Upon push I want to create a single kaniko build job, it currently works but after the job is finished it shows:

kaniko-5jbhf                  0/1     Completed   0          9m13s

Yet when I run the following it just pauses indefinitely:

kubectl wait --timeout=-1s --for=condition=Completed pod/kaniko

My question can be summarized in 2 parts: 1). How can I wait for a pod/job to finish? 2). How can I remove the job after it has finished?

I have tried ttlSecondsAfterFinished but enabling feature gates in the cluster is problematic and there is no example of how to do it.


Solution 1:

For wait to evaluate the state of a resource, you need to correctly identify it. For the second snippet, you need to provide the pod id instead of the job name: kubectl wait --timeout=-1s --for=condition=Completed pod/kaniko-5jbhf. However, the syntax seems correct for calling the job itself as job/kaniko.

For further reference on wait.

Now, for the Job deletion, if you don't want to use the feature gates, I think you can either access the API programmatically to locate and delete finished Jobs or make them dependant on a parent object that deletes them in cascade. For Jobs specifically, there's only CronJobs. The downside is that CronJobs are meant to be time-scheduled objects, this means that you need to start designing on a time-based object.

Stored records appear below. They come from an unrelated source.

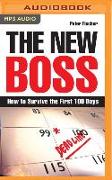 The New Boss: How to Survive the First 100 Days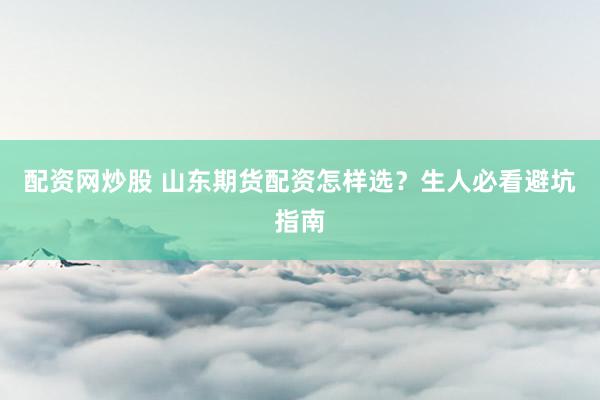配资网炒股 山东期货配资怎样选？生人必看避坑指南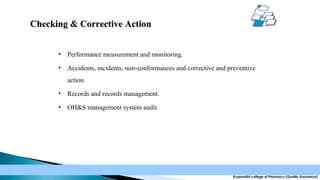 Checking & Corrective Action
•

Performance measurement and monitoring.

•

Accidents, incidents, non-conformances and corrective and preventive
action.

•

Records and records management.

•

OH&S management system audit.

Krupanidhi college of Pharmacy (Quality Assurance)

 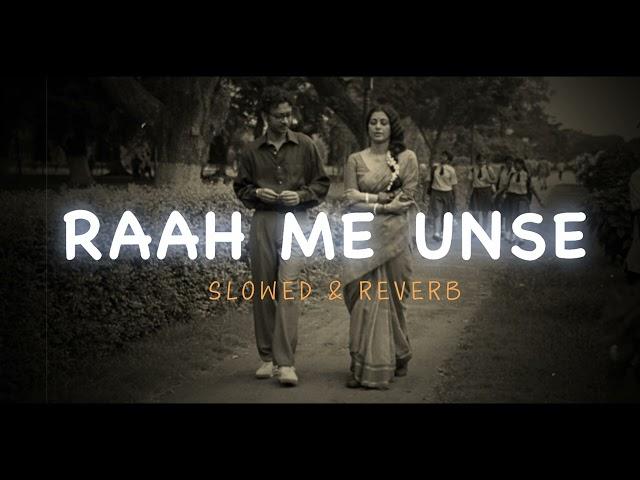 Raah me unse | Slowed+ reverb| modifee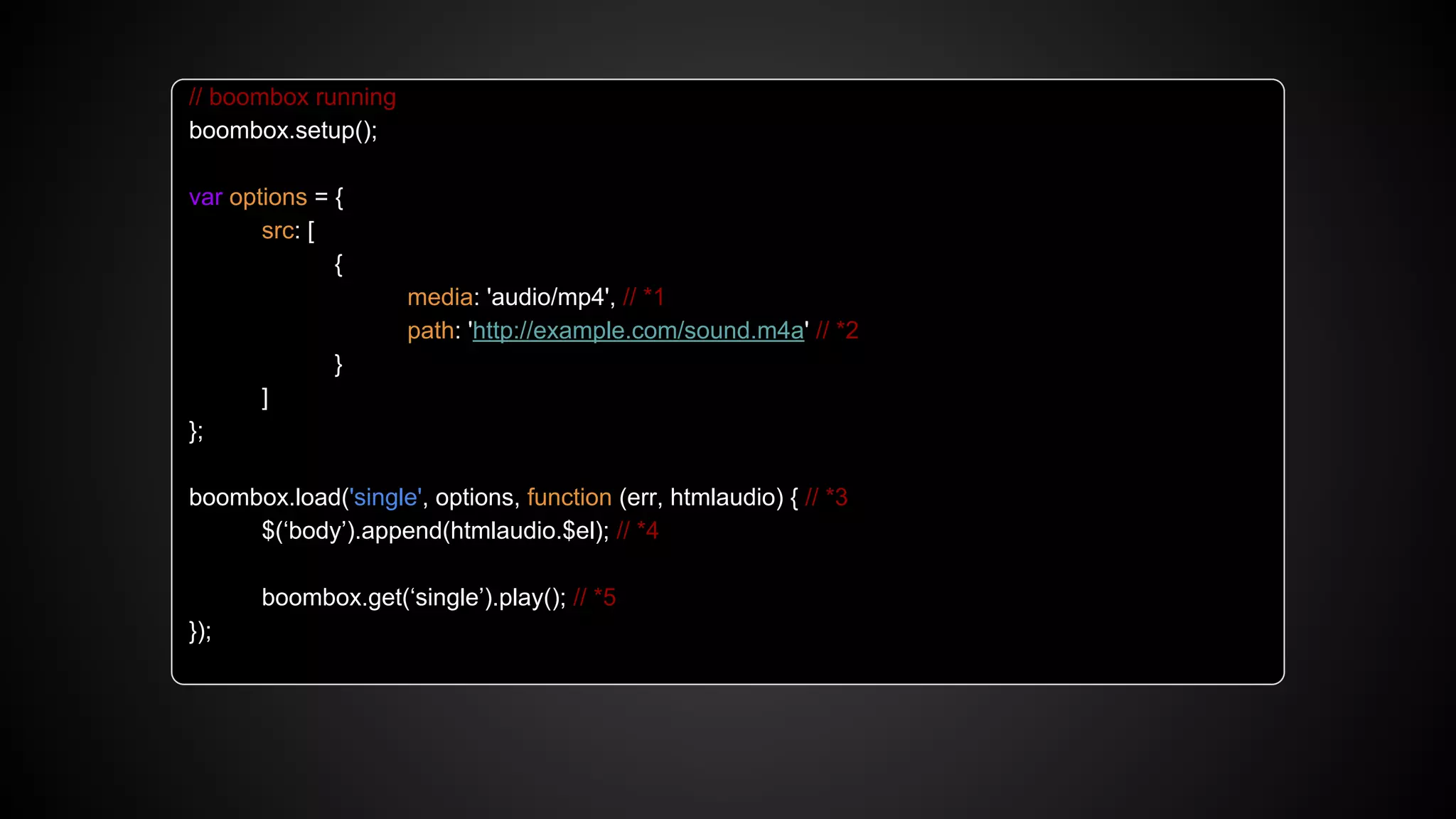 // boombox running
boombox.setup();
var options = {
src: [
{
media: 'audio/mp4', // *1
path: 'http://example.com/sound.m4a' // *2
}
]
};
boombox.load('single', options, function (err, htmlaudio) { // *3
$(‘body’).append(htmlaudio.$el); // *4
boombox.get(‘single’).play(); // *5
});
 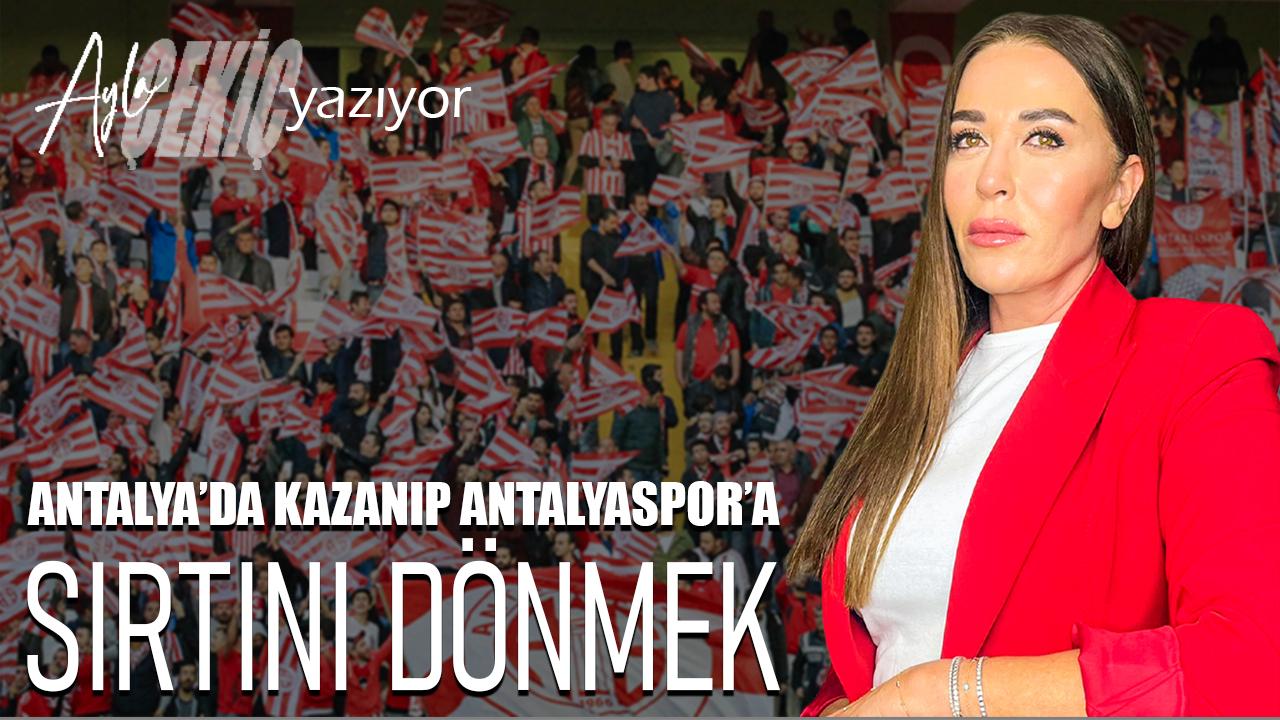 Antalya'nın onuruna sırtınızı dönemezsiniz!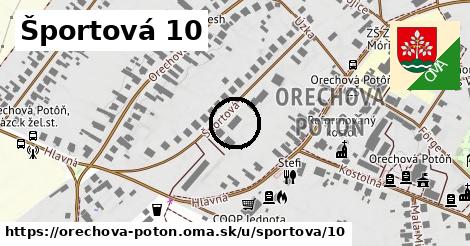 Športová 10, Orechová Potôň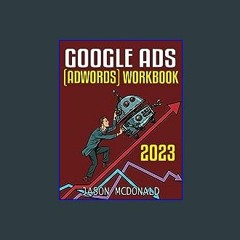 [Ebook]$$ 📖 Google Ads (AdWords) Workbook (2023): Advertising on Google Ads, YouTube, & the Displa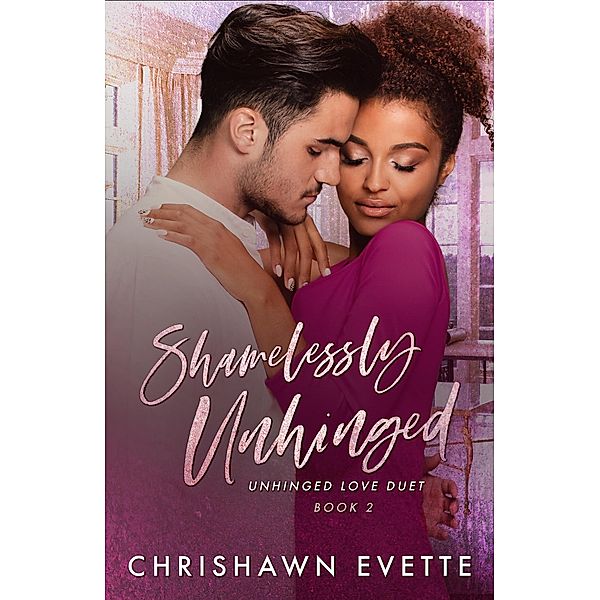 Shamelessly Unhinged (Unhinged Love Duet Book 2), Chrishawn Evette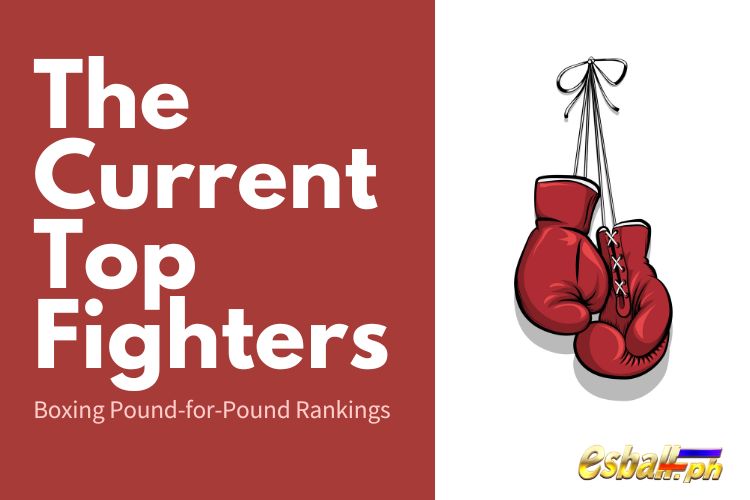 Boxing Pound-for-Pound Rankings: The Current Top Fighters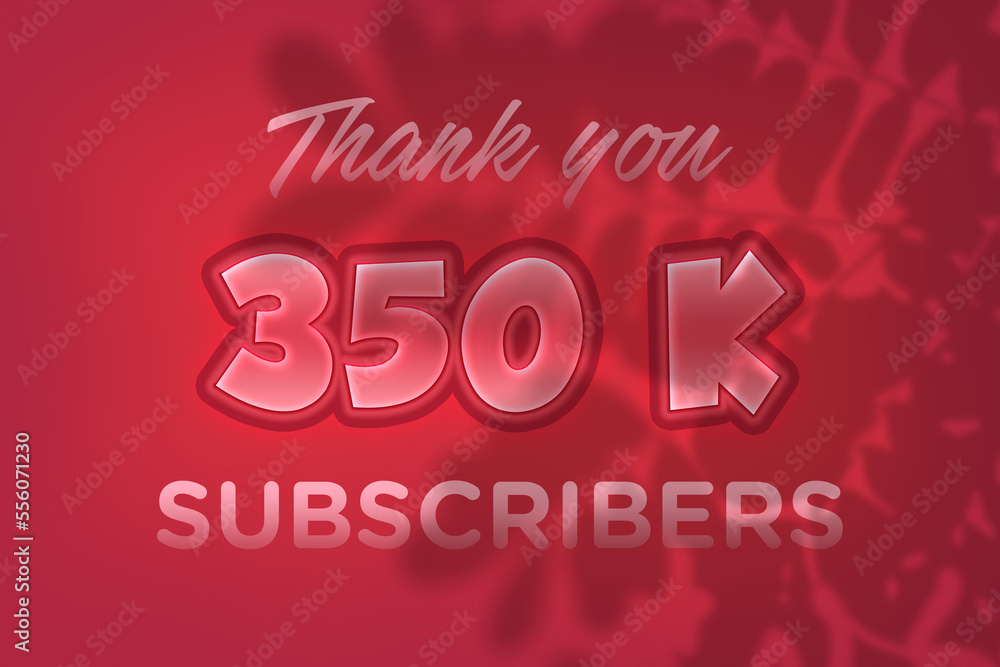 350 K  subscribers celebration greeting banner with Red Embossed Design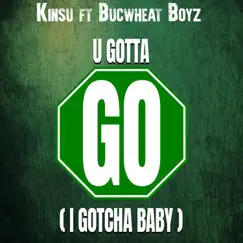 U Gotta Go (Gotcha Baby) Song Lyrics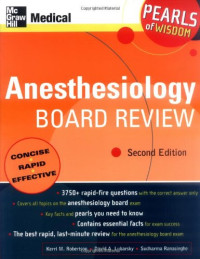 Kerri M. Robertson, David J. Lubarsky, David A. Lubarsky, Sudharma Ranasinghe — Anesthesiology board review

Consider that by design, Jobs are meant to stay after the completion to preserve data related to what happened while they're processing data. Also, from v1.12, they're also designed to delete themselves, meaning that enabling these feature gates is probably the most straightforward way to achieve what you want.

Solution 2:

To wait until a resource (like Deployment, Job, etc.) has rolled out, and all its objects are ready, run:

kubectl rollout status {Resource Type} {Resource name}

For example:

  $ kubectl rollout status deployment my-app

    Waiting for rollout to finish: 0 of 1 updated replicas are available...
    Waiting for latest deployment config spec to be observed by the controller loop...
    replication controller "my-app" successfully rolled out

Another way is to wait for a specific pod, by id, or even better - by label. For example:

kubectl wait --for=condition=ready pod -l app=my-app

Note that if the pod was created with kubectl run my-app ... (and not with "create deployment"), the label would probably be run=my-app

Solution 3:

You should not wait on pods, wait works for jobs. I am not sure that Completed should be the condition - complete seems to work at least locally for me, so it should be kubectl wait --timeout=-1s --for=condition=complete job/${job_name}

And besides that, unless you want to wait for it indefinitely, check that you are specifying --timeout=-1s, negative one, as timeout. kubectl wait takes any negative timeout param as "wait for a week".

From Kubernetes docs:

    The length of time to wait before giving up. 
    Zero means check once and don't wait, negative means wait for a week.